ASSIGNED TASK: Leave the pictures out and reproduce, exactly, the lines from the one with "Chậu rửa mặt chân ngắn Cotto C02197+C4219" through the end of the entries below.
[Opening SUPPLIED MATERIAL section]
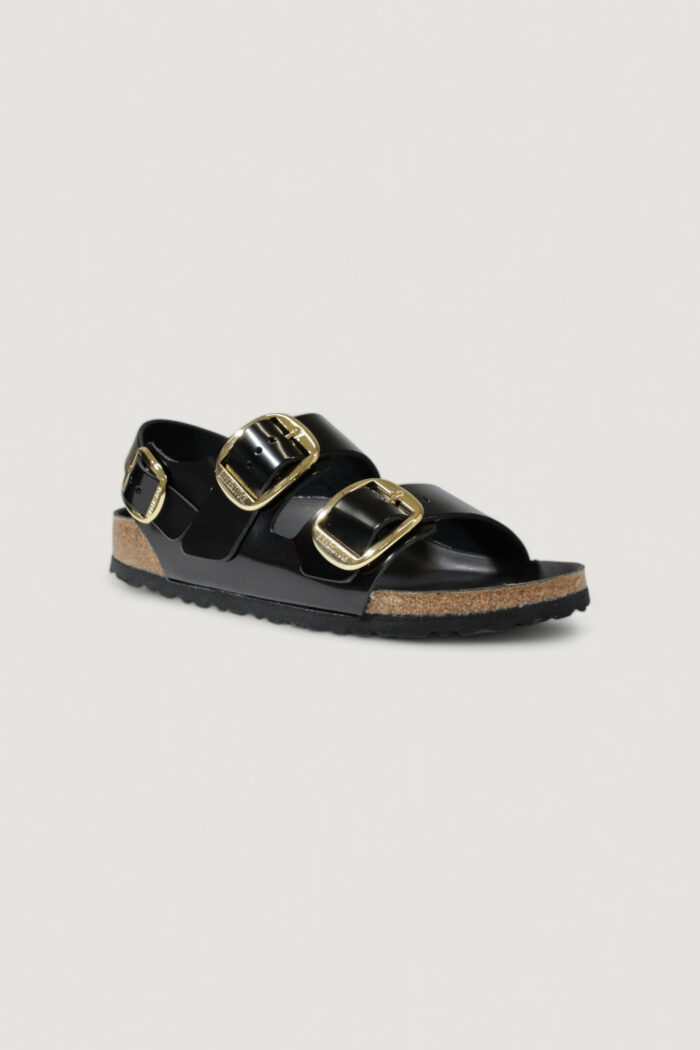 Sandali Birkenstock Milano Big Buckle Nero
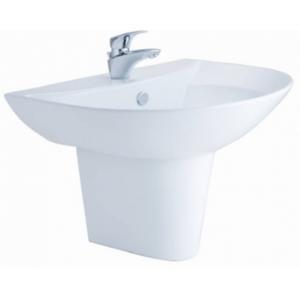 Chậu rửa mặt chân ngắn Cotto C02197+C4219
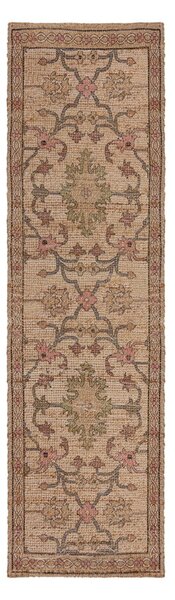 Ručno rađena staza od mješavine jute u prirodnoj boji 60x230 cm Celine Jute Global – Flair Rugs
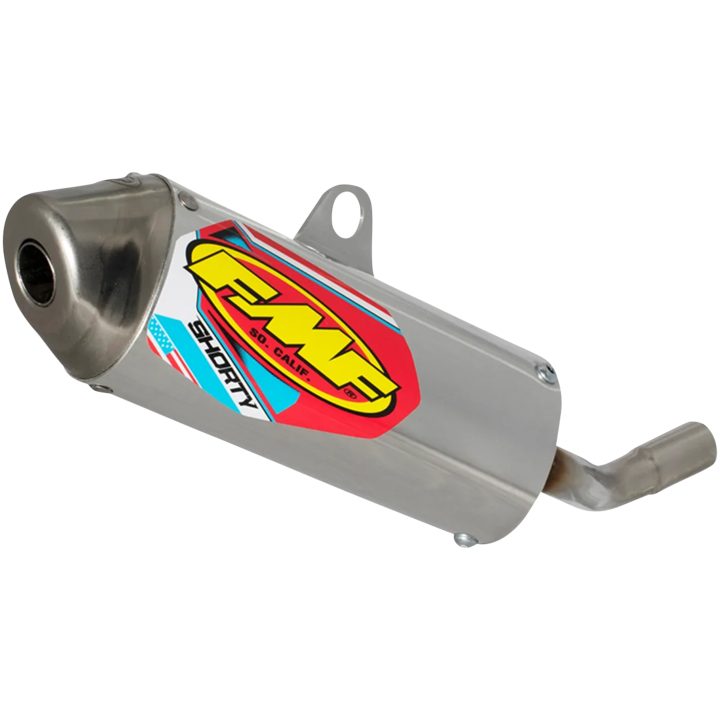 Avgassystem Powercore 2 Shorty Dämpare Naturfärgad Aluminium FMF Ljuddämpare – bild 2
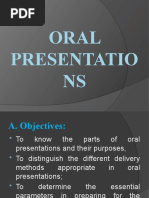 Oral Presentations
[Closing SUPPLIED MATERIAL section]
OUTPUT FOR THIS TASK:
 Chậu rửa mặt chân ngắn Cotto C02197+C4219
 Ručno rađena staza od mješavine jute u prirodnoj boji 60x230 cm Celine Jute Global – Flair Rugs
 Avgassystem Powercore 2 Shorty Dämpare Naturfärgad Aluminium FMF Ljuddämpare – bild 2
 Oral Presentations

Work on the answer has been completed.